Immaculately groomed and tailored, Sinatra, Martin and Davis Jr would engage in knockabout comedy routines that were part-improvised. There were impressions, too, and Davis Jr was a fabulous dancer and probably the best all-round entertainer of the three. The all-star trio's main currency, though, was song. And what gifted crooners they were, and what an extraordinary back catalogue of songs for swinging lovers they tapped into. Cole Porter's I've Got You Under My Skin; Bart Howard's Fly Me to the Moon; Rodgers and Hart's The Lady Is a Tramp; Cory and Cross's I Left My Heart in San Francisco. These and countless other numbers from Great American Songbook were brilliantly orchestrated for The Rat Pack's live performances.
Though everyone from Robbie Williams to Rod Stewart to Harry Connick Jr has by now made a crooner album tapping Rat Pack-friendly material, the best medium for exploring this legacy is undoubtedly musical theatre. The natural theatricality of the original Rat Pack's Vegas shows and the films Sinatra, Martin and Davis Jr went on to star in together (such as Ocean's 11 and Sergeants 3) all point to this.
When the Dubai Opera welcomes The Definitive Rat Pack show on July 3 and 4, it will be playing host to a production that had its premiere in London's West End in 2003, and had further acclaimed runs there in 2009, 2011 and 2017. The show was nominated for an Olivier Award and went on to tour Europe and the US. To date, the production has been seen by more than 10 million people.
Stephen Triffitt, Mark Adams and George Daniel Long – the three British performers who respectively play Sinatra, Martin and Davis Jr – have by now spent a considerable chunk of their lives playing their alter egos. They are reportedly as close as one can get to the original Rat Pack without use of a time machine.
When David and Victoria Beckham wanted a headline act for their sons' christenings at "Beckenham Palace", they booked Triffitt in full Sinatra mode, while, as Dean Martin, Adams has played the Royal Albert Hall, as well as Upton Park football ground in London in front of 34,000 appreciative West Ham United fans. Long, meanwhile, has been described by The Daily Mail as "an uncannily convincing Sammy Davis Jr".

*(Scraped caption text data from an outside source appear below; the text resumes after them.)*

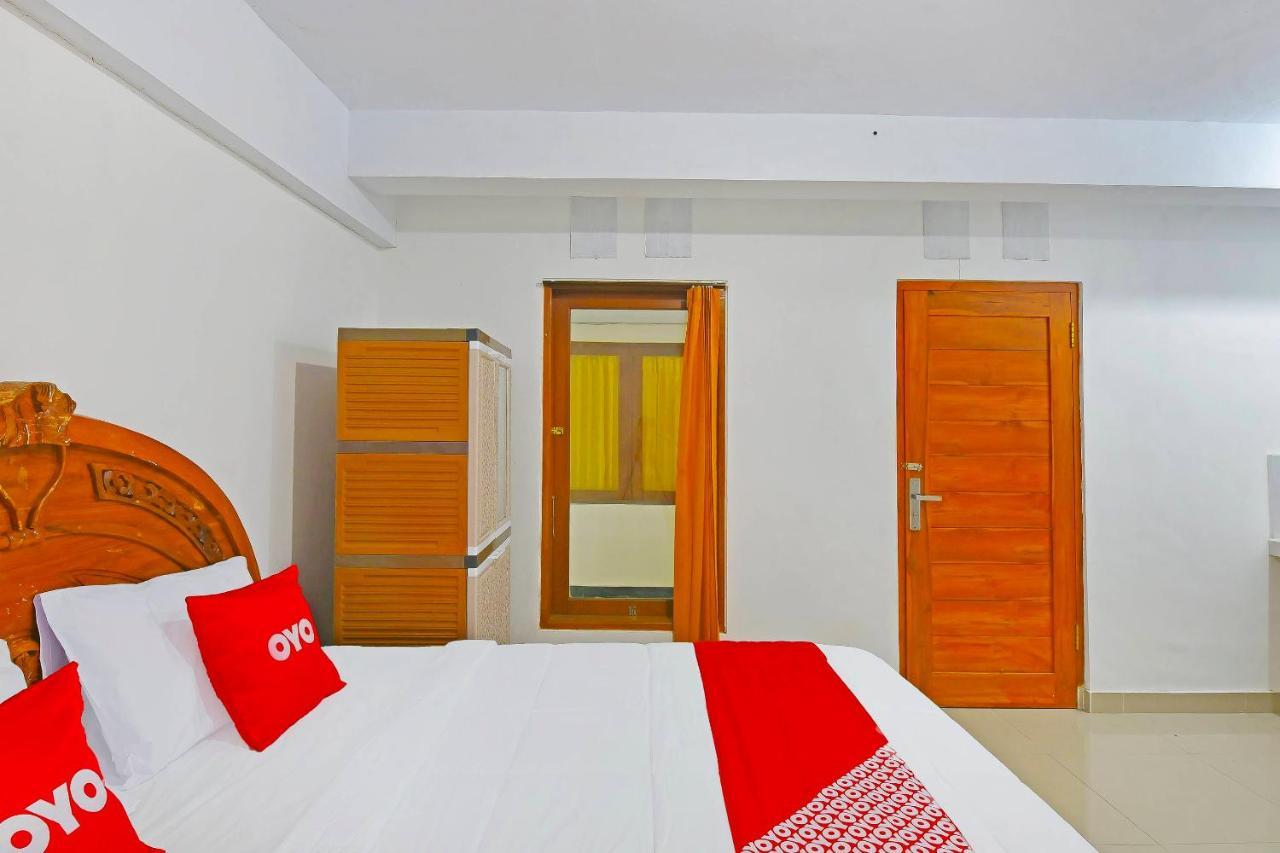 Oyo 90967 Soka Asri Guest House Darmasaba Exterior foto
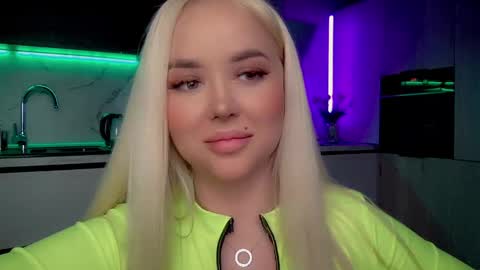 Lana online show from March 6, 6:08 am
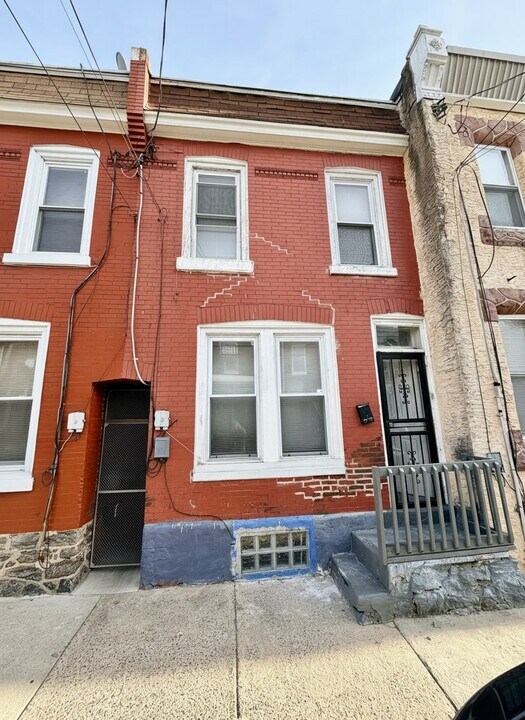 88 E Garfield St in Philadelphia, PA - Building Photo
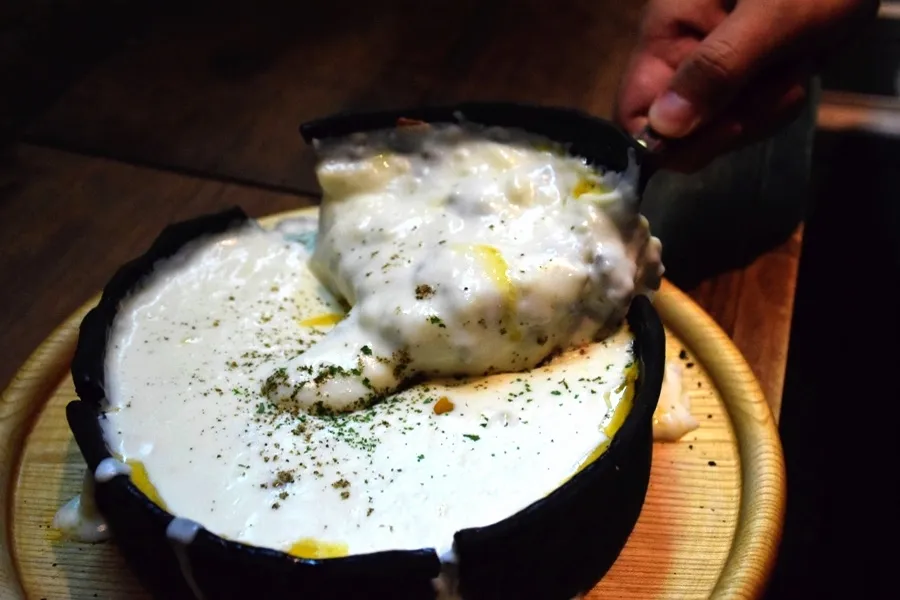 【東京】食べ放題からスゴイ肉まで!?注目チーズ料理15選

HBO's 1998 TV film drama The Rat Pack explored the original tight-knit unit's highs and lows, its triumphs and its dark side. There was a lot of politics behind the music, and the film explores Sinatra's knotty relationship with John F Kennedy, the controversy surrounding Davis Jr's interracial marriage with Swedish-born actress May Britt, and plenty more besides.
Such details only increase the potency of The Rat Pack's music, which was often an incredibly joyous thing despite all the background tensions. That's perhaps what you should hold onto this week when Triffitt, Adams and Long perform such classics as Come Fly with Me, That's Amore, and New York, New York.